_WORK TO COMPLETE_
Print, in exact form, the lines below from the one containing "Ice Age Epoka lodowcowa Ps4" through the one containing "Apartment in krungthephmhankhr, ห้วยขวาง", and omit all others.

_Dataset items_
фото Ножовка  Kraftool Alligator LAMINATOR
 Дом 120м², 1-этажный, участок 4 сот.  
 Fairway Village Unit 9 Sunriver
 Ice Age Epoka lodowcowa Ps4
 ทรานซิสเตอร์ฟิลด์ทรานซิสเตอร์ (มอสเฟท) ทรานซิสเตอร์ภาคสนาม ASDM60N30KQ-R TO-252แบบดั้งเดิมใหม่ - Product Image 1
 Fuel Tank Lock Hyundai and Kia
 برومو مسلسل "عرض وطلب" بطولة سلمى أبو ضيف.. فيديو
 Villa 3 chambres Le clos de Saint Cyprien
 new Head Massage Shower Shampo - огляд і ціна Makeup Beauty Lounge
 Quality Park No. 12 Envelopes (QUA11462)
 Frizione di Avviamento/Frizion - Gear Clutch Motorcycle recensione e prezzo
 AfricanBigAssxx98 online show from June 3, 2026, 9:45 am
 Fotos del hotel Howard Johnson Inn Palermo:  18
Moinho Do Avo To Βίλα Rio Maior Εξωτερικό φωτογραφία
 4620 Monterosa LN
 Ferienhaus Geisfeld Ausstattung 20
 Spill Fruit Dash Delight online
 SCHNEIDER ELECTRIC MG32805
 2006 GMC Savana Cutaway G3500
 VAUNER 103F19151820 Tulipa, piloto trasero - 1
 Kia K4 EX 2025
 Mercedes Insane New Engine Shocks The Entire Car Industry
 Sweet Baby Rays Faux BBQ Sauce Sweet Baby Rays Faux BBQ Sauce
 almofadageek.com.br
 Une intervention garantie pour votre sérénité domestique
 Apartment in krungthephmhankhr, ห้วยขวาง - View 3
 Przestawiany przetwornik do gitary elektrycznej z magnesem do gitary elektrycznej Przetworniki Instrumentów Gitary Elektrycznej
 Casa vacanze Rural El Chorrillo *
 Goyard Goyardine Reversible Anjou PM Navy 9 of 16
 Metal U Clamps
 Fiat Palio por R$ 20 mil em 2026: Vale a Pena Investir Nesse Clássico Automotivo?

_SOLUTION TO THIS TASK_
 Ice Age Epoka lodowcowa Ps4
 ทรานซิสเตอร์ฟิลด์ทรานซิสเตอร์ (มอสเฟท) ทรานซิสเตอร์ภาคสนาม ASDM60N30KQ-R TO-252แบบดั้งเดิมใหม่ - Product Image 1
 Fuel Tank Lock Hyundai and Kia
 برومو مسلسل "عرض وطلب" بطولة سلمى أبو ضيف.. فيديو
 Villa 3 chambres Le clos de Saint Cyprien
 new Head Massage Shower Shampo - огляд і ціна Makeup Beauty Lounge
 Quality Park No. 12 Envelopes (QUA11462)
 Frizione di Avviamento/Frizion - Gear Clutch Motorcycle recensione e prezzo
 AfricanBigAssxx98 online show from June 3, 2026, 9:45 am
 Fotos del hotel Howard Johnson Inn Palermo:  18
Moinho Do Avo To Βίλα Rio Maior Εξωτερικό φωτογραφία
 4620 Monterosa LN
 Ferienhaus Geisfeld Ausstattung 20
 Spill Fruit Dash Delight online
 SCHNEIDER ELECTRIC MG32805
 2006 GMC Savana Cutaway G3500
 VAUNER 103F19151820 Tulipa, piloto trasero - 1
 Kia K4 EX 2025
 Mercedes Insane New Engine Shocks The Entire Car Industry
 Sweet Baby Rays Faux BBQ Sauce Sweet Baby Rays Faux BBQ Sauce
 almofadageek.com.br
 Une intervention garantie pour votre sérénité domestique
 Apartment in krungthephmhankhr, ห้วยขวาง - View 3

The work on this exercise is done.